A semana de Arte Moderna

Em fevereiro de 1922, no “Theatro Municipal”, um grupo de artistas promove três dias de atividades que revolucionariam as artes no Brasil. Literatura, música e artes plásticas jamais seriam as mesmas, após a Semana de Arte Moderna, como ficou conhecido o evento. Participaram nomes como Anita Malfatti, Di Cavalcanti, Graça Aranha, Manuel Bandeira, Mário de Andrade, Menotti Del Picchia, Oswald de Andrade, Tarsila do Amaral e Villa- Lobos.

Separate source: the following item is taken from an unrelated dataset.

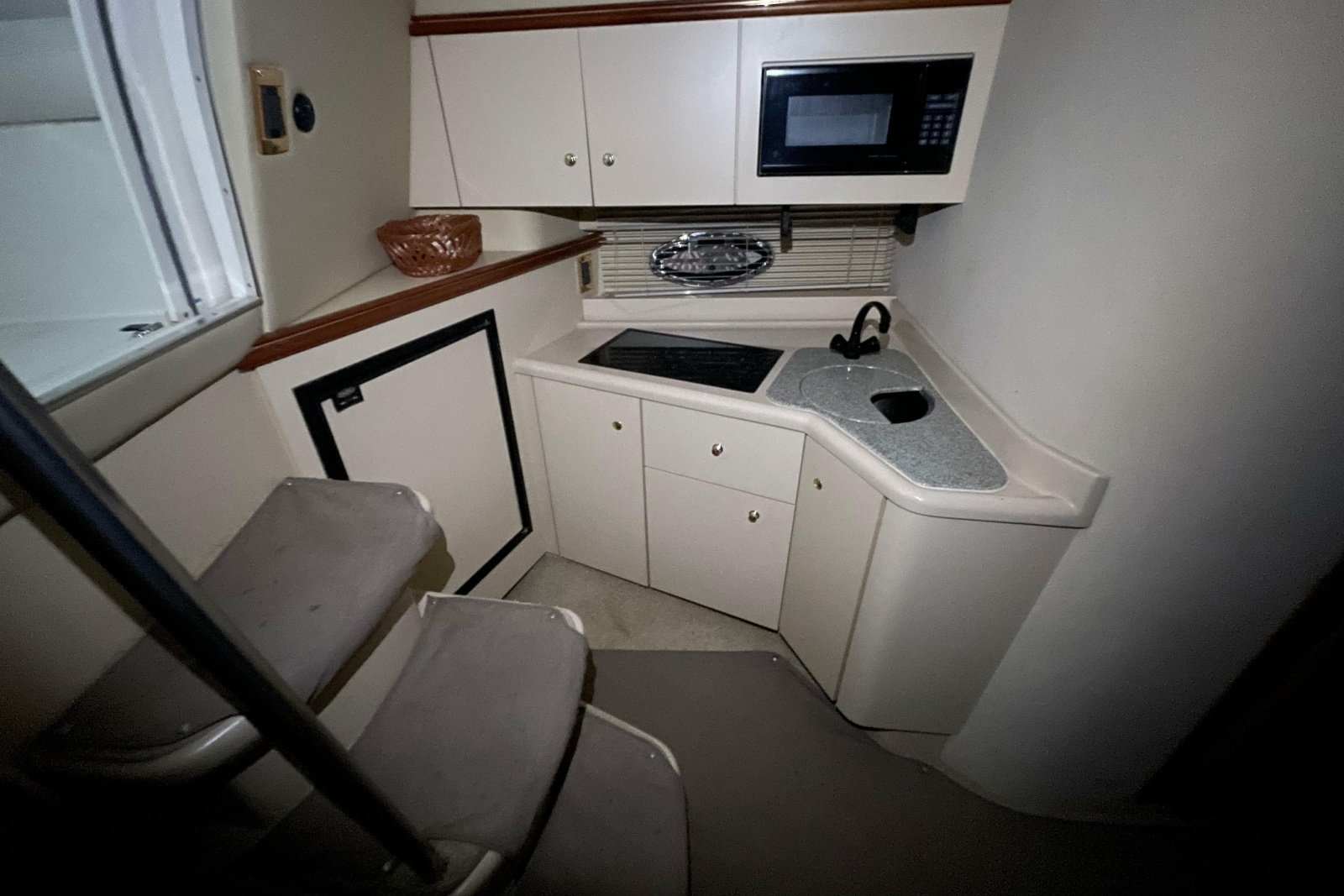 2002 Cruisers Yachts 3372 Express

Para Hernâni Donato, o grande ponto de virada da cultura paulistana no contexto brasileiro foi a Semana de Arte Moderna de 22. “Há quem diga, e com fundamento, que foi um movimento anti-Rui Barbosa, porque ele foi o protótipo de escrever bem e falar bem. Até 22, não havia jornal no ponto mais remoto do País onde não houvesse um padre, um juiz ou um professor que não mantivessem em suas colunas uma aula de como escrever bem. Ergueu-se uma muralha à evolução da língua. Foi essa muralha que 22 rompeu. Só que não rompeu só no romance, na poesia, mas sim em todas as artes”, analisou, acrescentando que “foi um movimento que fez o Brasil avançar aos saltos. Ele vinha aos centímetros e avançou às milhas”, compara o historiador.

Revolução Constitucionalista

Em 1932, os paulistas pegaram em armas para defender o movimento constitucionalista, promovendo uma revolução contra o governo federal. A cidade virou uma verdadeira praça de guerra.

Esta foi a grande participação da sociedade na vida política da cidade. O conflito entre a elite política do estado, empresários e latifundiários e o presidente Getúlio Vargas, que depôs os governadores dos estados e extinguiu as câmaras municipais, provoca uma grande reação popular. O episódio, segundo Hernâni Donato, influiu totalmente na composição do poder legislativo municipal.

“Se você tomar a formação da Câmara Municipal no começo do século passado e hoje, é quase que uma contraposição. Não é mais uma elite tradicional, não é mais neto sucedendo pai ou avô, mas sim valores populares eleitos pela periferia. É uma mutação interessantíssima de poder político, agora mais largamente distribuído”, disse Donato.

Os 400 anos da cidade

Ibirapuera tem uma área de 1.584.000 metros quadrados e acolhe museus, escola de jardinagem e centro de convivência.

Em 1954, São Paulo comemorou seus 400 anos com vários eventos, incluindo a inauguração do Parque do Ibirapuera, projetado por Oscar Niemeyer. A data repercutiu em todo o País. Com o golpe militar de 1964, os paulistanos promovem uma série de manifestações políticas e culturais contra a ditadura. Em 1968, é inaugurada a nova sede do MASP, fundado por Assis Chateubriand e projetado por Lina Bo Bardi, um dos principais cartões-postais da cidade. A primeira linha do metrô é inaugurada em 1974. Um milhão de pessoas se reúnem na Praça da Sé, em 1984, pedindo eleições diretas já. Luíza Erundina é eleita, em 88, a primeira mulher prefeita, do Partido dos Trabalhadores, derrota Paulo Maluf (que se elege em 92). Em 1990, São Paulo ultrapassa os dez milhões de habitantes. Marta Suplicy, do PT, é eleita prefeita em 2000.

Hernâni Donato participou ativamente dos festejos do quarto centenário de São Paulo, em 54. Nesse ano, ele afirmou estar sentindo uma grande diferença entre as duas comemorações e da cidade em si.

“Em 54, havia uma grande euforia popular, São Paulo vibrava de orgulho do que era e das possibilidades do futuro. Curiosamente, foram uns vinte anos de derrubar muros, até mesmo de cadeias. Havia segurança, havia participação. Hoje é o contrário: estão se erguendo muros, se fechando ruas, elevando grades. Isso me preocupa muito quanto ao que esperar, nos próximos cinqüenta anos, da vida da cidade. É um indicativo pouco simpático”, afirmou.

Para o historiador, o grande desafio de São Paulo para os próximos anos é o “de retomar aquela situação, não só de euforia, mas de serena tranqüilidade quanto ao que é, ao que pode ser, ao que deve corrigir e ir em frente”.